A well-developed crop, in fields that emerged in mid-September to early-October, can handle air temperatures during the winter in the single digits fairly well. However, soil temperatures at the single digits can cause significant damage and winterkill. A less developed crop, such as that fields emerged in late October or afterwards, will be more sensitive to winterkill with higher temperature thresholds for damage.

Figure 2. Total precipitation during the winter wheat growing season (September 1, 2020 –  February 8, 2021) for Kansas. Map courtesy of the Kansas Weather Data Library.

Weather conditions: Air and soil temperatures

The lowest air temperatures ranged from -11°F in south central Kansas to -29°F in north central Kansas, with the majority of the temperatures in northwest Kansas ranging from -18 to -26°F (Figure 3). These temperatures would be low enough to cause leaf burn and, if soil temperatures reached these levels, winterkill. While average soil temperatures in in the February 10-17 period were usually above 20°F (data not shown), the lowest soil temperatures dropped as low as 5 to 14°F (Figure 3). Soil temperatures in the low teens or single digits occurred mostly in northwest Kansas, but were also present in parts of southwest and central Kansas.
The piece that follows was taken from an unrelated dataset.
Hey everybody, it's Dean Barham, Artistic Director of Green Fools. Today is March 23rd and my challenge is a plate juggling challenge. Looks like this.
Figure 3. Lowest air temperatures (upper panel) and soil temperatures (lower panel) measured in the period between the last time a 32°F measurement occurred and February 17, 2021. Map courtesy of the Kansas Weather Data Library.


Weather conditions: Soil moisture and snow cover

Two environmental factors that affect the crop’s response to cold temperatures due to their potential of buffering of low air temperatures are soil moisture content and snow cover. The dry spell observed in central, north central, and western Kansas prior to the cold spell (Figure 2) also resulted in very low topsoil moisture (data not shown), which did not help in buffering the lower air temperatures.
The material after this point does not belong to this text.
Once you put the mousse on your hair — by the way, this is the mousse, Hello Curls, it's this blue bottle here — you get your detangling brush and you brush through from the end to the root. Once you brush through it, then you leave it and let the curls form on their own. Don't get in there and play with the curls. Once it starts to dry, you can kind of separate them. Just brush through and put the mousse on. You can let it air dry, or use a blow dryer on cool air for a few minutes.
Regarding snow cover, the majority of the wheat growing region of Kansas received from 1 to 2 inches of snow, with the extreme north and southern borders receiving up to ~4 inches but the central portion of the state receiving virtually no snowfall (Figure 4). Reports also suggest that this snow was relatively dry and light-weight, decreasing its buffering potential, especially compared to the totals achieved in the neighboring states of Oklahoma (up to 10 inches) and Nebraska (up to 20 inches). Regions receiving 1-2 inches of snow probably had some buffering of the low air temperatures and may have helped in the current spell. For example, stations where snowfall was reported had lowest minimum soil temperatures of ~24-28°F, versus 15 degrees reported in a neighboring station without snowfall. Still, the combination of extremely cold air temperatures and dry soils, with a limited amount of snow across the majority of the state, might have caused damage to some fields.

Figure 4. Snow depth as of February 17, 2021 as reported by the National Oceanic and Atmospheric Administration.

What is the potential for damage and what to look for?

The biggest potential for winterkill is in fields that emerged late (thus, with limited tiller and root development), where snow cover was limited (<2 inches), and in regions which soil temperatures reached low teens to single digits. Some of the regions of concern seem to be central Kansas (due to limited snow depth) and northwest Kansas (due to extremely cold temperatures). The conditions were less prone to winterkill in south central Kansas due to greater levels of soil moisture and snow depth.

The next 4-6 weeks will be crucial to determine the recovery potential of the crop. Ideally, precipitation would alleviate the current dry conditions and temperatures would warm up slowly so that the crop can start spring development. Continuation of the dry conditions can further impair crop recovery.

There is nothing growers can do at the moment, other than wait until green-up for further evaluation of the crop. As wheat green-up progresses, any winter injury will become more apparent. Injured wheat may initially green up, then go backwards.